Figur dalam karya Hendra cenderung besar, hampir memenuhi bidang kanvas. Dengan pakaian sehari-hari bercorak kedaerahan, figur yang kebanyakan perempuan itu selalu sedang beraktivitas. Tubuh mereka tidak lagi proporsional, melainkan deformatif, mengalami ‘pergeseran’ bentuk: tidak lagi realis yang mengutamakan proporsi-anatomi, melainkan tampak ‘surealis,’ dalam arti terjadi pemanjangan, pembengkakan pada beberapa bagian tubuh, yaitu tangan, kaki, leher, bibir, dan payudara. Sekilas, tubuh-tubuh itu nampak ‘mengganggu.’ Mereka sama sekali tidak indah, malah cenderung ganjil. Tubuh-tubuh itu bergerak semaunya, seperti tanpa tulang. Kendati pun nampak seperti tanpa rangka penyangga, tubuh-tubuh itu terkesan kuat, bertenaga. Selain itu, ekspresi wajahnya pun menyerupai, atau lebih memiliki tipologi wayang dibanding manusia biasanya.

Dalam figur yang mengalami “pembengkakan” atau pemanjangan (elongation), Hendra seperti “menghadirkan” kekuatan rakyat yang tidak kelihatan: kekuatan tidak dalam arti kekuatan kebersamaan (sosial), melainkan sebagai manusia individual yang bertahan hidup (survival). Mereka adalah manusia yang sosial sekaligus asosial (hasrat untuk mempertahankan hidup sendiri). Lewat figur-figur yang menjulur, meliuk-liuk seperti sedang menari, atau berusaha meraih sesuatu itu, lukisan Hendra seperti menyampaikan “gelombang” kekuatan yang nampaknya ingin melepaskan diri dari batas-batas anatomis tubuh, sejenis kekuatan yang lahir dari tegangan antara yang sosial dan asosial.

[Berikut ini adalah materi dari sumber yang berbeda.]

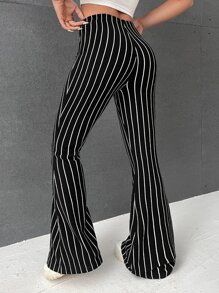 Muchica Quần nữ Đắp vá Lá thư Sọc Giải trí - màu đen - Xem 2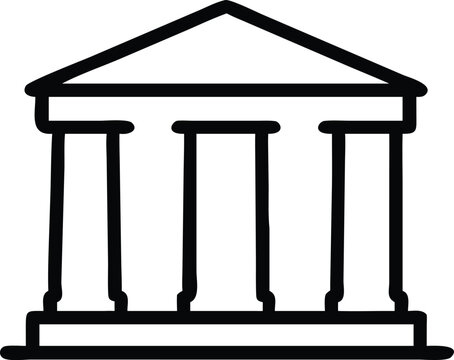 Architectural Icon: A stylized line drawing showcases a stately building with a classical design, embodying notions of knowledge, heritage, and cultural importance.
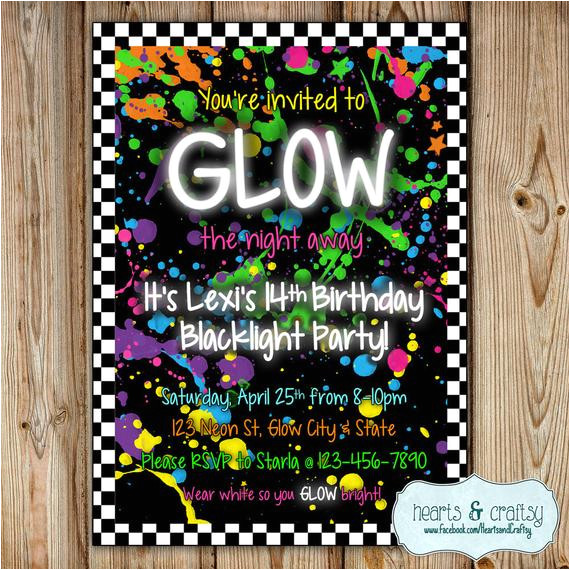 glow in the dark party invitation neon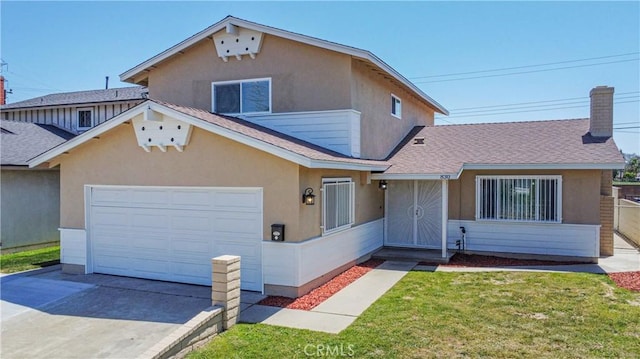 830 E Darlan St, Compton, CA 90220 - view of front of house featuring driveway, a front yard, stucco siding, and roof with shingles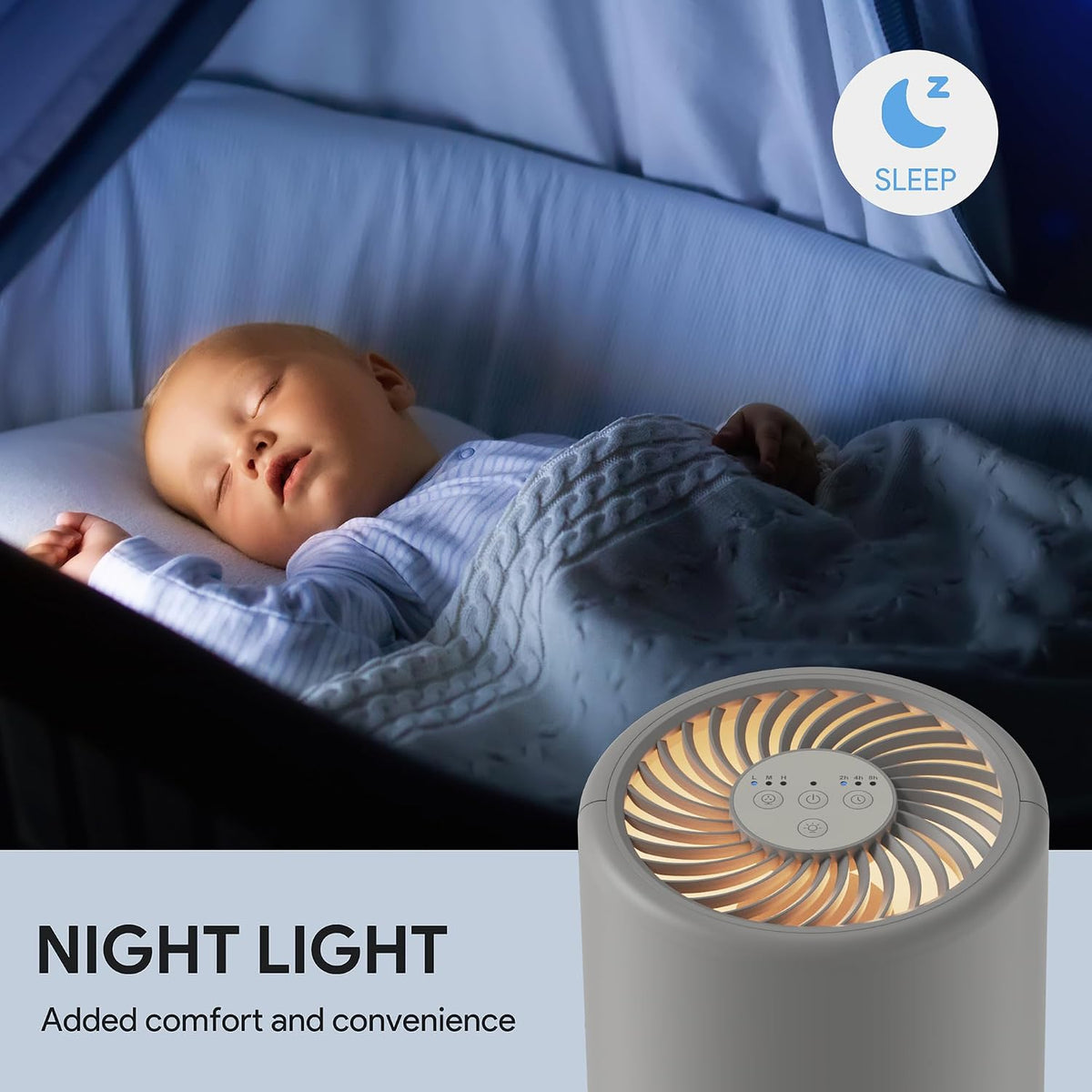 Air Purifiers for Bedroom, FULMINARE H13 True HEPA Filter (Gray 2 Pack)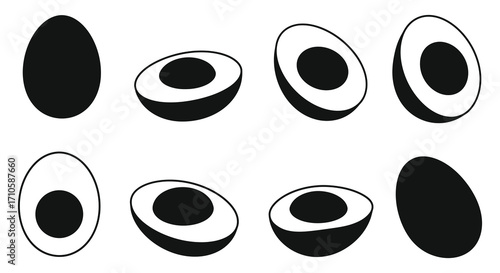 Optical illusion featuring a series of black and white oval shapes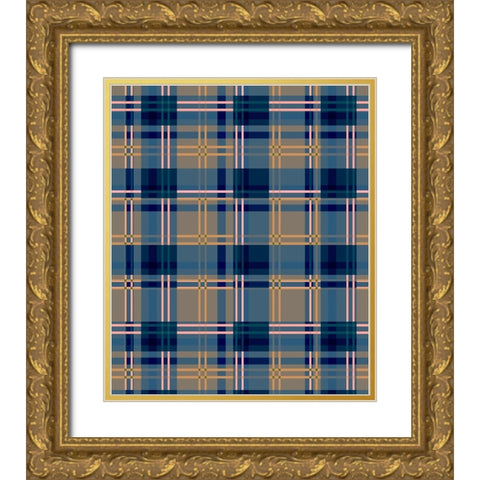 Minimalist Blue Plaid Design 07 Gold Ornate Wood Framed Art Print with Double Matting by LightBoxJournal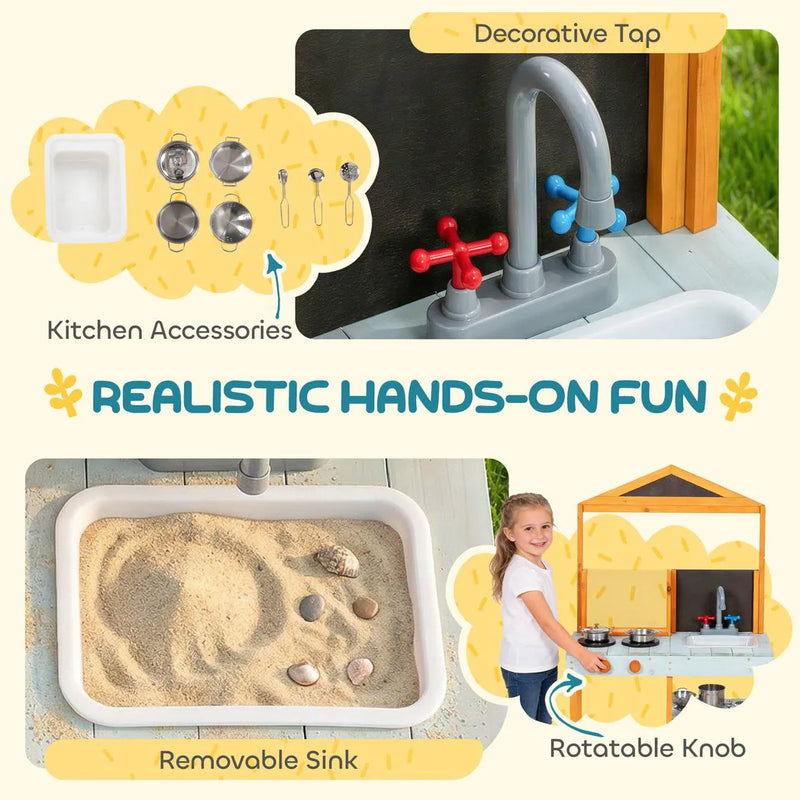 AIYAPLAY Mud Kitchen for Kids, Outdoor Wooden Play Kitchen with Sink, Stove, Cookware, Shelves, Pretend Play Toy for Ages 3-8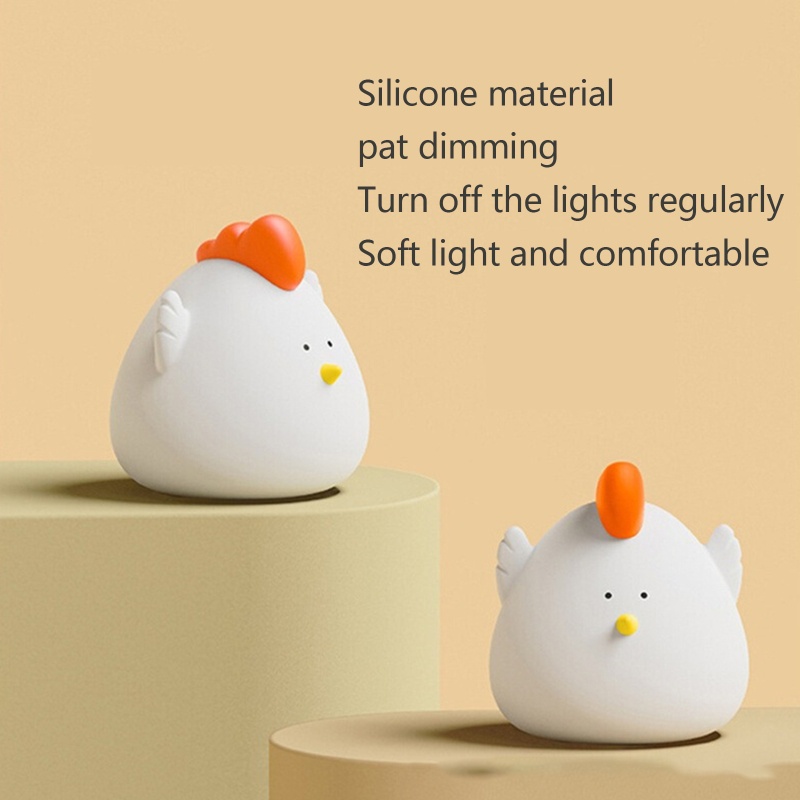 Zzz Lampu Led Bentuk Anak Ayam Bahan Silikon Dengan Sensor Sentuh Dimmable Rechargeable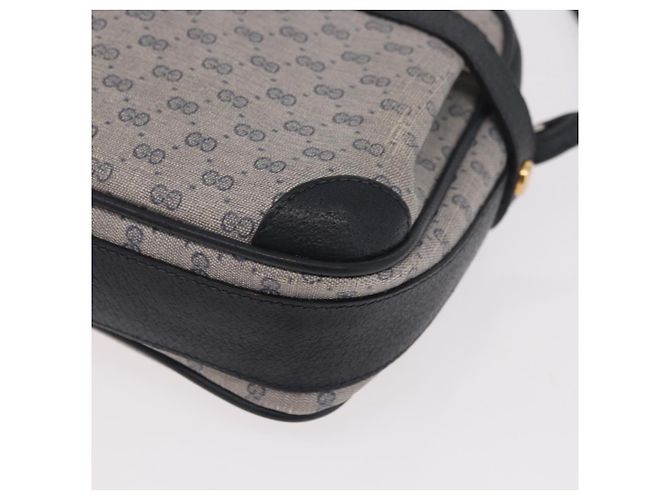 GUCCI Micro GG Supreme Shoulder Bag PVC Navy Gold - vista 11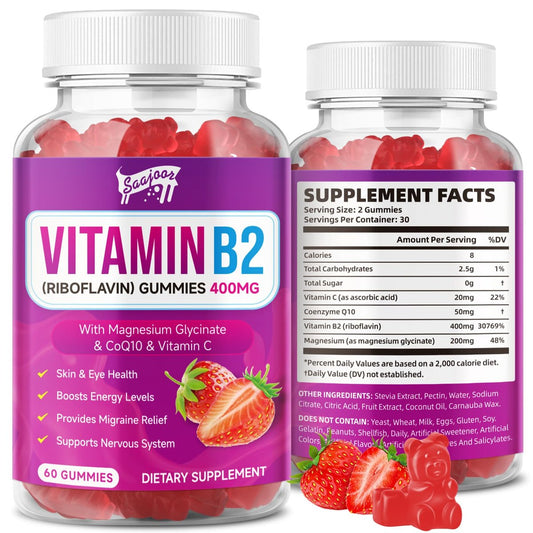Saajoor Vitamin B2 Gummis – Riboflavin 400 mg mit Magnesium & CoQ10 & Vitaminen für Kinder & Erwachsene – Migräne-Linderung & Kopfschmerzlinderung – Erdbeergeschmack, 60 Gummis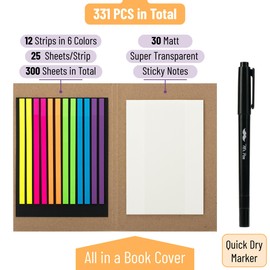 Mr. Pen- Transparent Bible Highlighter Tape and Sticky Note Set, 331 Pcs, Sticky Note Tabs, Sticky Index Tabs, Highlighter Strips, Highlight Strips for Books, Sticky Notes Transparent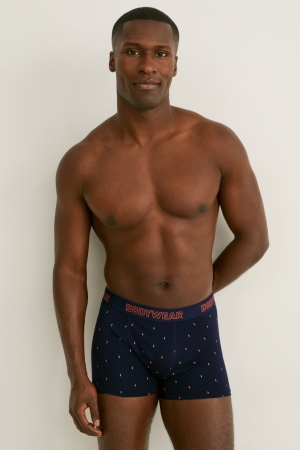 C&A Multipack Of 3 Trunks Organic Bomull Lycra® Underkläder Herr Mörkgröna Mörkblå | IEQKY-1932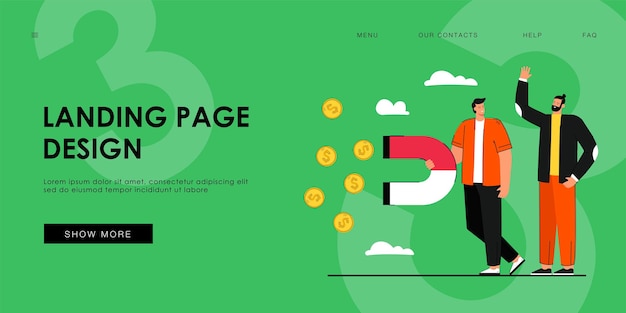 Free Vector man increasing income landing page template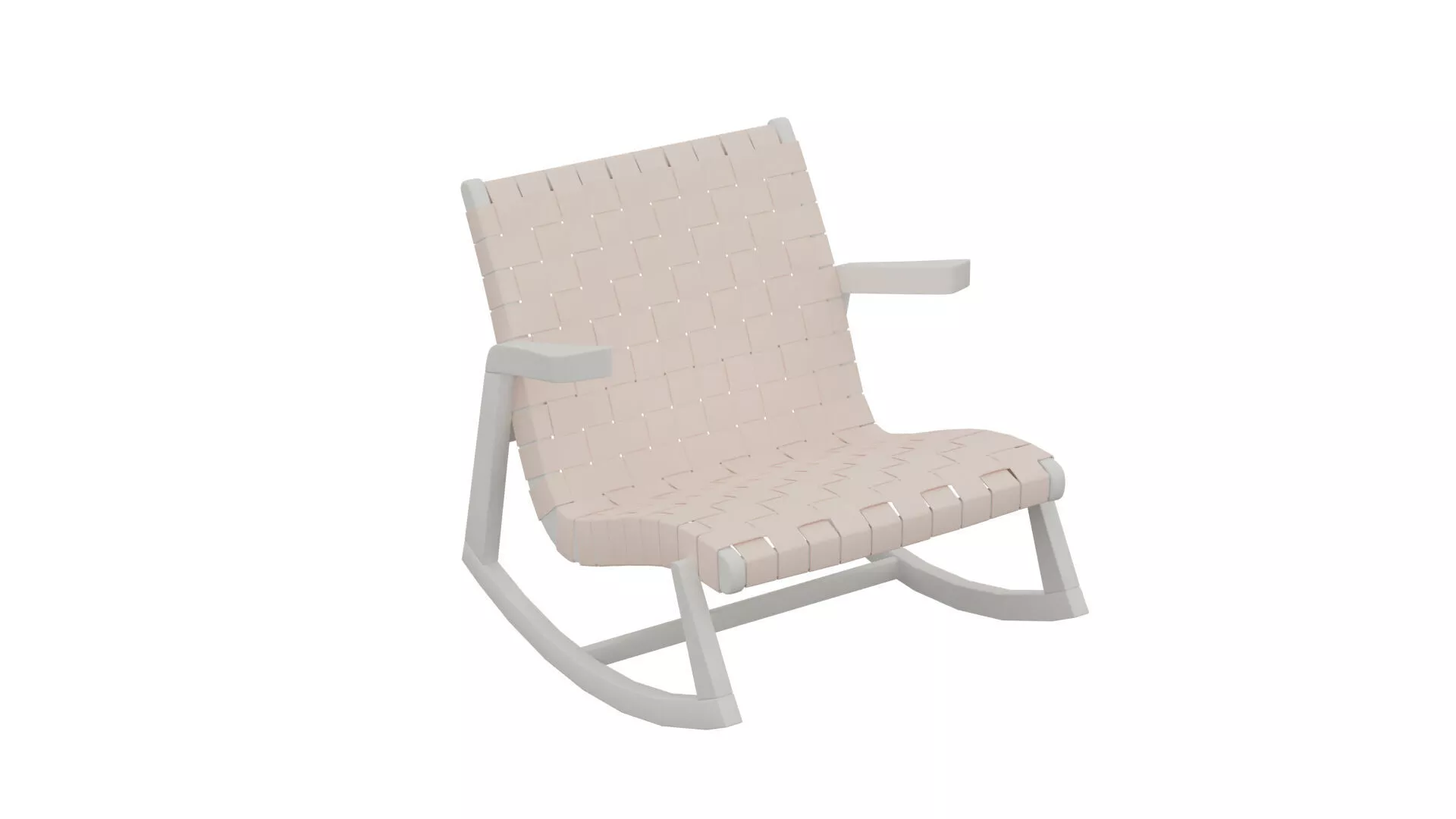Pale Red Rocking Chair Low-poly 3D model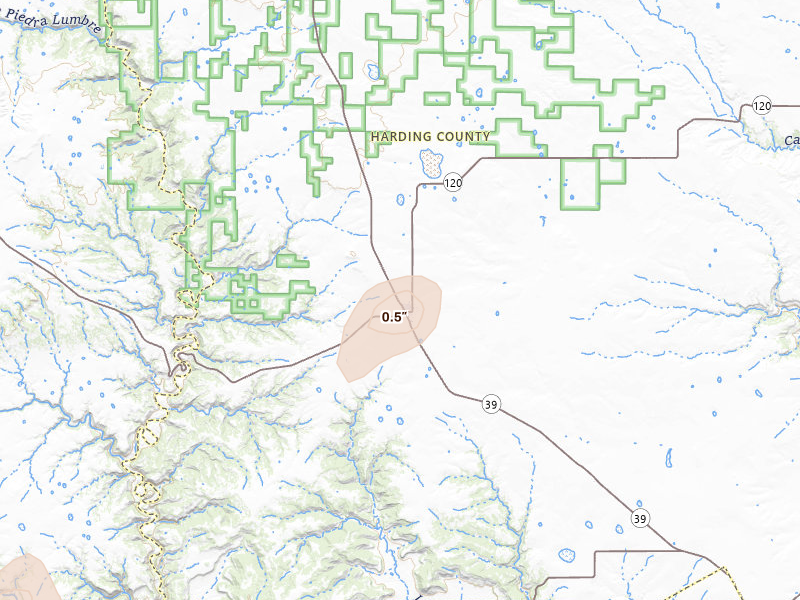 Radar-estimated hail-size map of the storm over Roy, NM on Jun 5, 2026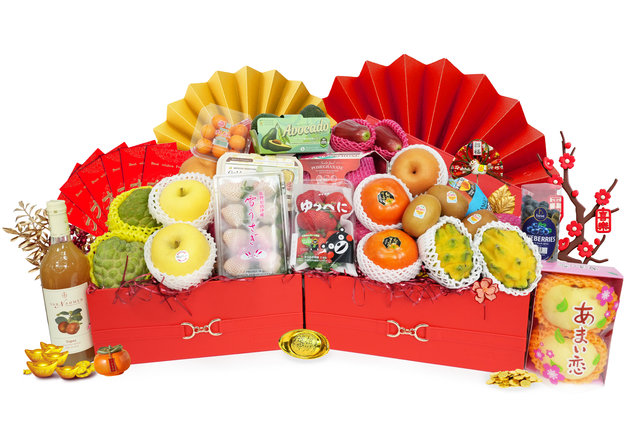 CNY Gift Hamper - Luxurious Pair of New Year Fruit Baskets CNYN14 - CF21229A2 Photo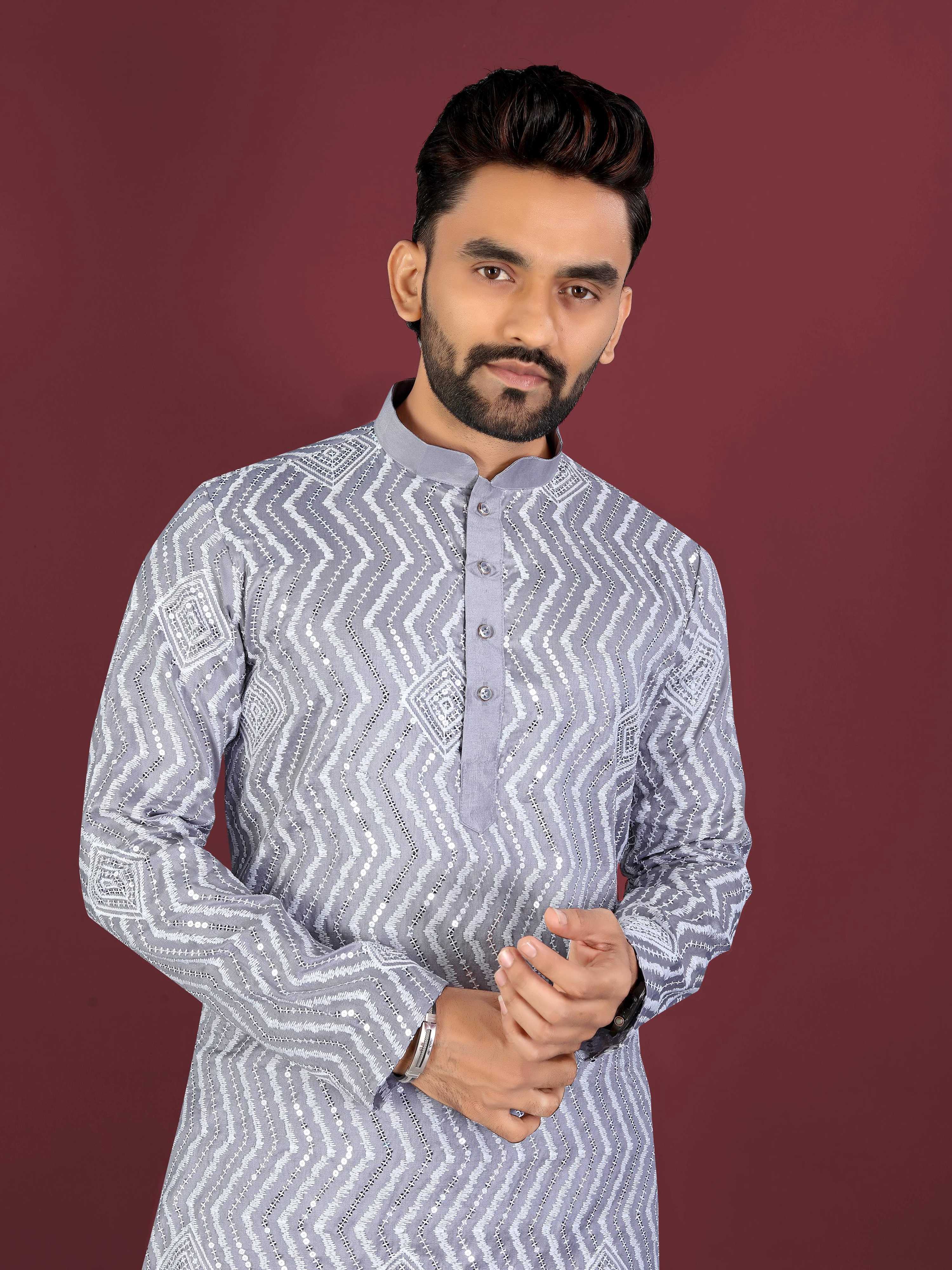 Neera Trendz Grey Soft Silk Embroidered Men's Kurta Pyjama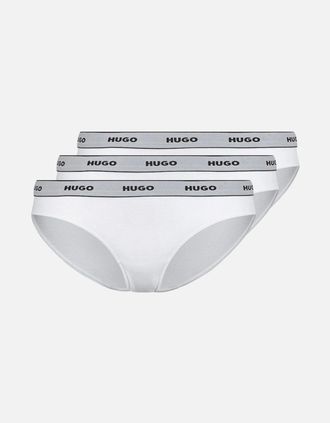 HUGO BOSS Womens 3-Pack Classic Logo Briefs, White - Size: 20/32in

Pada Mekutu I (1980) tampak ekspresi menyeramkan dari sosok-sosok pencari kutu. Posisi dan ekspresi mereka lebih nampak curiga satu sama lain daripada bekerja sama mencari kutu. Mereka seperti saling berebut makanan! Dalam lukisan ini, mulut, kaki dan payudara tampak dominan memperlihatkan “kejanggalan” – ditonjolkan bersama anak-anak yang sedang menyusu pada payudara yang menjulur kanan-kiri, dan seorang ibu tua yang nampak sedang memasukkan sesuatu ke dalam mulutnya, diikuti tatapan dua pencari kutu lain yang nampak tak rela. Di sini, agaknya, figur-figur yang nampaknya bersama itu, masing-masing menyimpan hasrat (kekuatan yang tidak kelihatan) bertahan hidup dengan cara makan, memangsa.

Demikian pula warna. Warna menempati posisi penting dalam karya Hendra, terutama mulai 1960-an. Warna-warna itu mulai ‘berani’ berdiri sendiri sebagai warna yang menemukan variasinya lewat eksperimen. Warna-warna Hendra bisa dilekatkan pada apa saja: wajah, kaki, atau pun tangan bisa memiliki warna berbeda dan bercampur, bahkan baur dengan latar belakang. Hasilnya, figur Hendra tampak menyatu, “meleleh” di latar belakang, namun tidak hilang. Fungsi warna tak murni (pure) yang mendominasi karya Hendra agaknya berperan besar dalam membentuk figur yang cair, ekspresif dan memiliki energi. Lihat, misalnya pada Saya Melukis (1967) di mana jari-jari figur memanjang, menjulur, dengan warna senada dengan kuas dan kanvas yang menjadi latar belakangnya. Jari-jari itu seperti menunjukkan hasrat menuju apa yang disentuhnya.

Maka, lewat elemen rupa itulah agaknya Hendra mampu menghadirkan “Rakyat:” ia lahir melalui tegangan antara yang sosial dan asosial.